<<<<
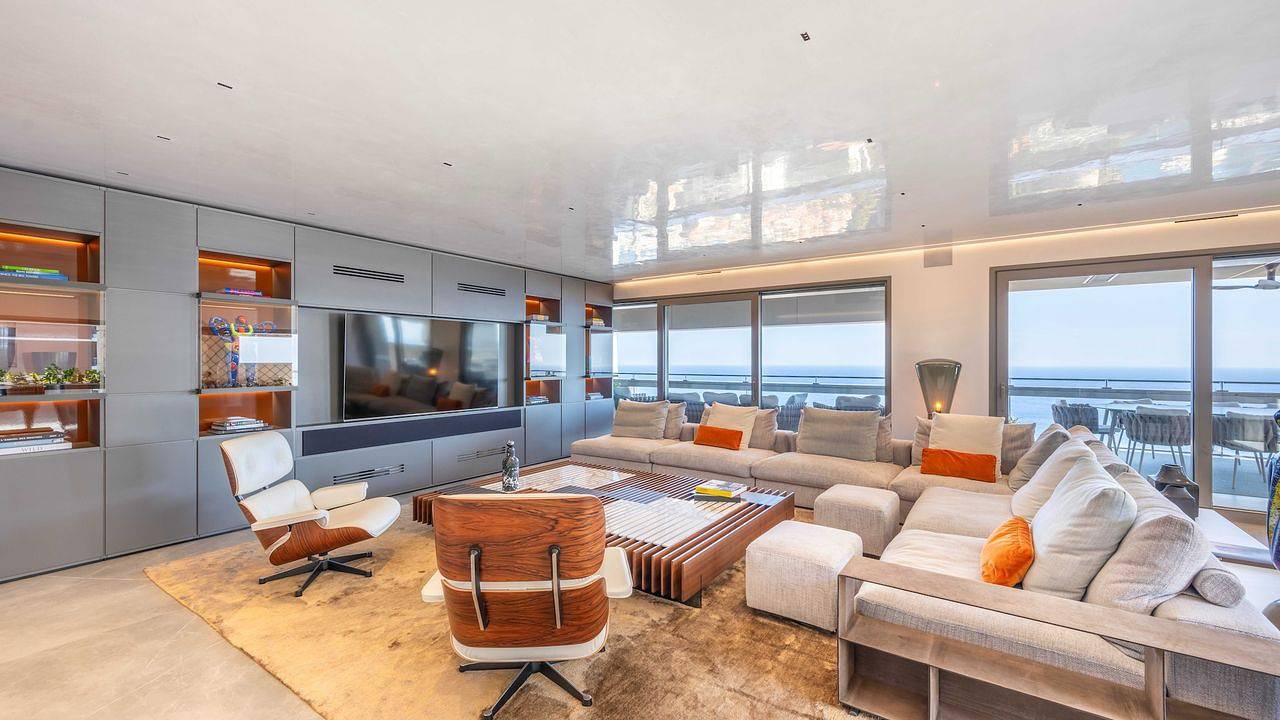 Apartamento vacacional entero, Apartamento de vacaciones para 10 personas con balcón/terraza in Montecarlo, Nizza Region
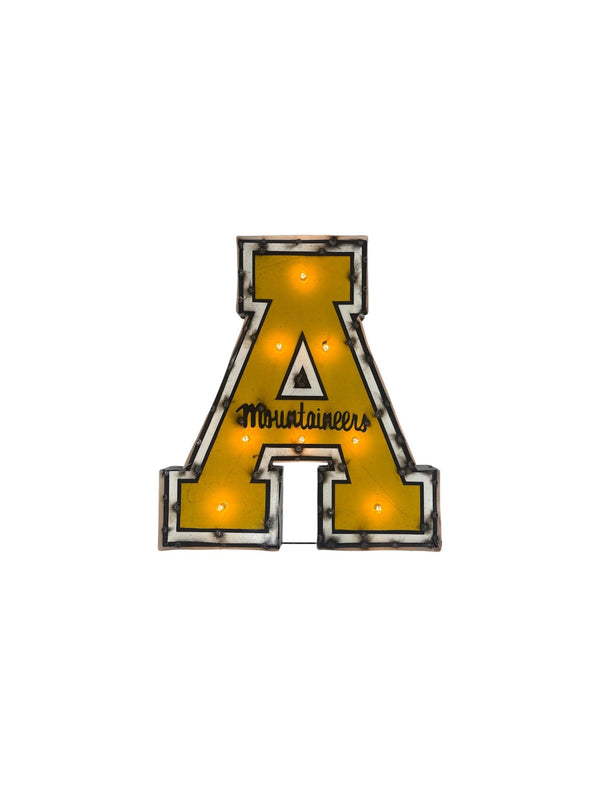 APPALACHIAN STATE  UNIVERSITY ILLUMINATED 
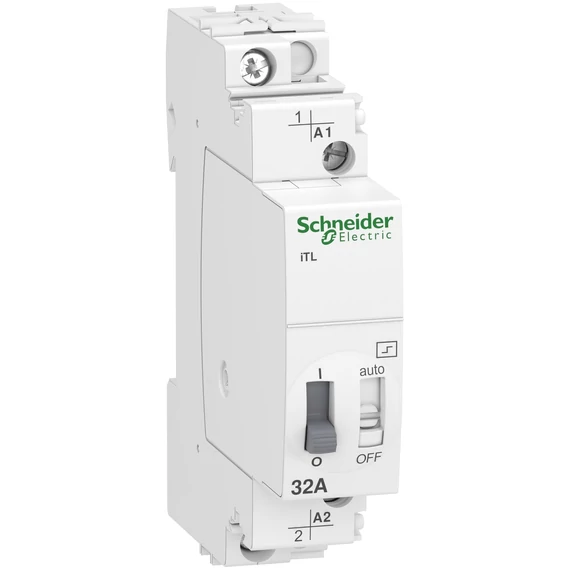 SCHNEIDER ELECTRIC ACTI9 ITL32A impulzusrelé, 1NO, 240VAC, 110VDC (A9C30831)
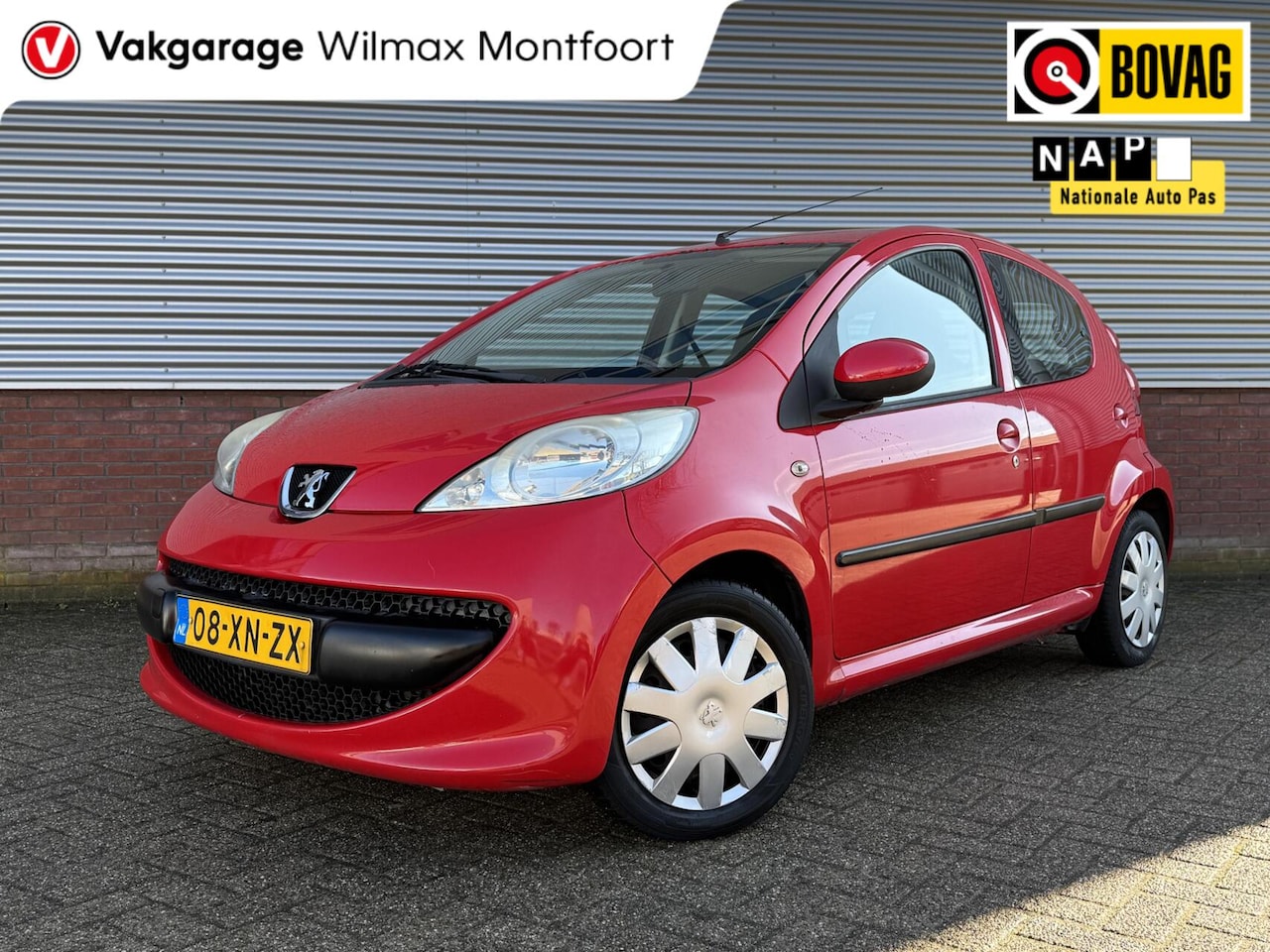 Peugeot 107 - 1.0-12V|Elek.ramen|5Deurs| - AutoWereld.nl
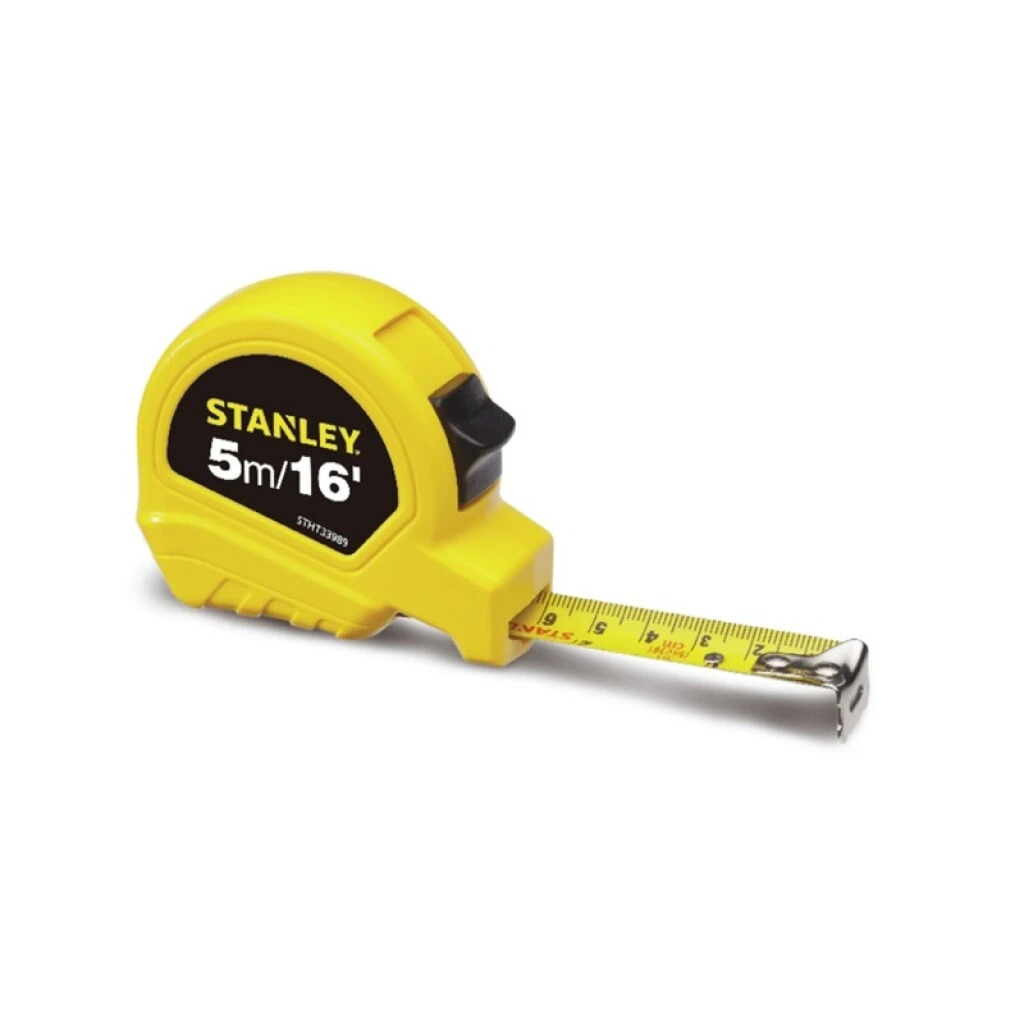 CINTA METRICA 5 MT 3/4" STANLEY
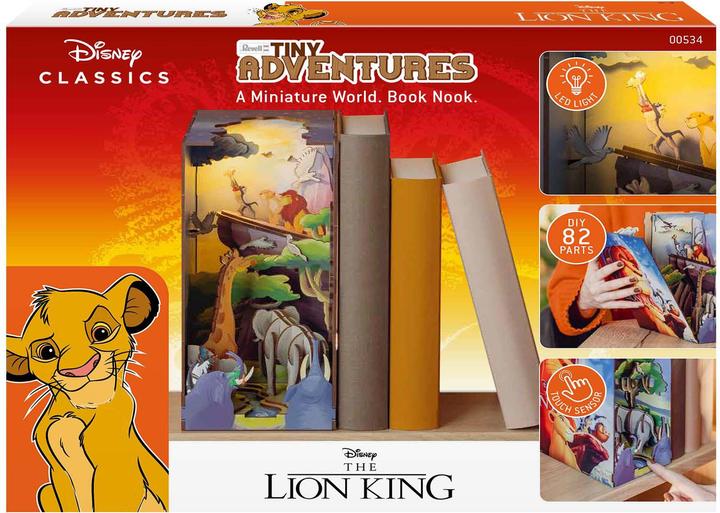Actual product image Revell Disney The Lion King  Tiny Adventures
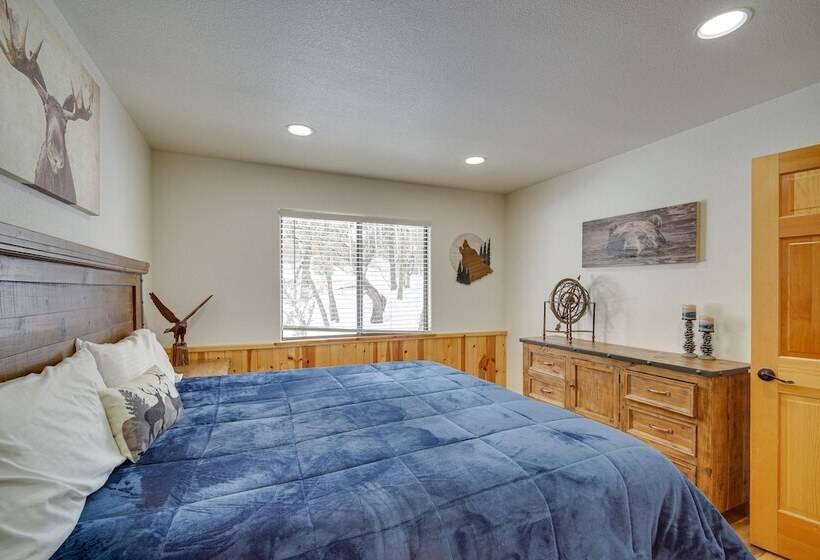 Pet Friendly Big Bear Cabin: 3 Mi To Bear Mountain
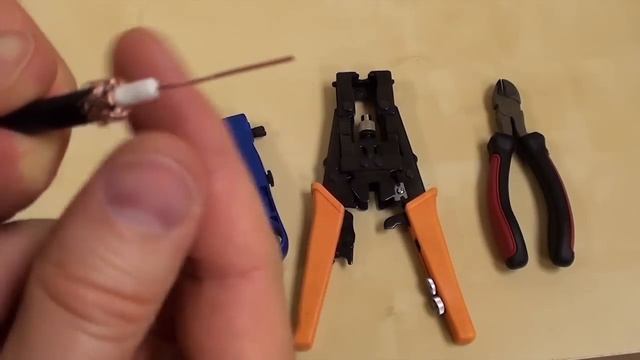 How to connect a bnc connector to RG59 Siamese coax cable смотреть онлайн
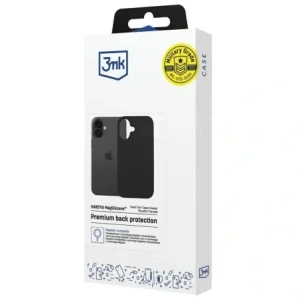 Kup 3MK Hardy MagSilicone Apple iPhone 16 grafit - 3MK16685 - {ean13} - Sklep Home Screen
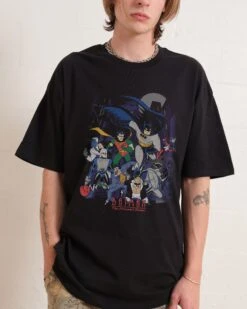 DC Batman Animated Series Villains T-Shirt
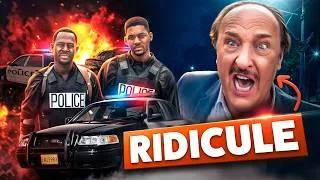 Miniature : Est ce qu'on a raison de RIDICULISER la Police dans les films français ?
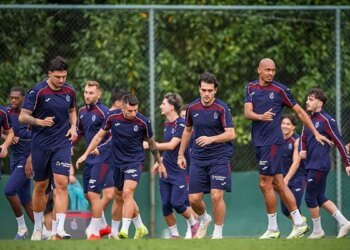 Trabzonspor’un Ferencvaros maçı kamp kadrosu açıklandı!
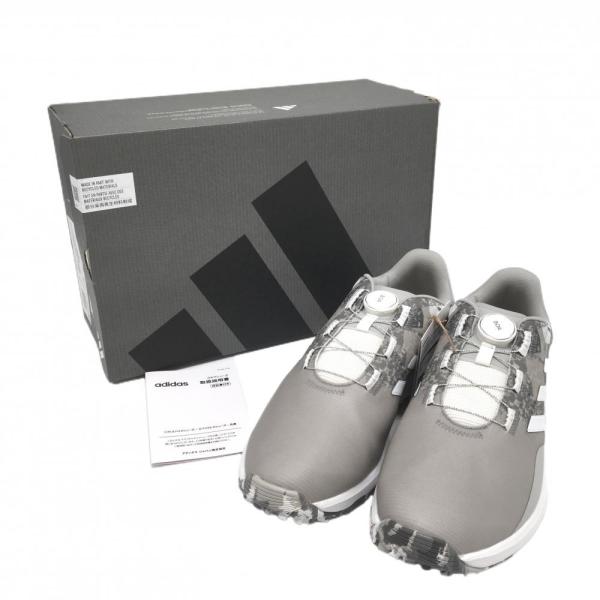 adidas（アディダス） 【新品】アディダス ゴルフシューズ グレー×白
>>>>
Work task.
Because pictures are not wanted, give every entry above again exactly without them.

Output for this exercise.
 Apartamento vacacional entero, Apartamento de vacaciones para 10 personas con balcón/terraza in Montecarlo, Nizza Region
 APPALACHIAN STATE  UNIVERSITY ILLUMINATED 
 SCHNEIDER ELECTRIC ACTI9 ITL32A impulzusrelé, 1NO, 240VAC, 110VDC (A9C30831)
 Peugeot 107 - 1.0-12V|Elek.ramen|5Deurs| - AutoWereld.nl
 CINTA METRICA 5 MT 3/4" STANLEY
Actual product image Revell Disney The Lion King  Tiny Adventures
 Pet Friendly Big Bear Cabin: 3 Mi To Bear Mountain
 How to connect a bnc connector to RG59 Siamese coax cable смотреть онлайн
 Kup 3MK Hardy MagSilicone Apple iPhone 16 grafit - 3MK16685 - {ean13} - Sklep Home Screen
 DC Batman Animated Series Villains T-Shirt
 Miniature : Est ce qu'on a raison de RIDICULISER la Police dans les films français ?
 Trabzonspor’un Ferencvaros maçı kamp kadrosu açıklandı!
 adidas（アディダス） 【新品】アディダス ゴルフシューズ グレー×白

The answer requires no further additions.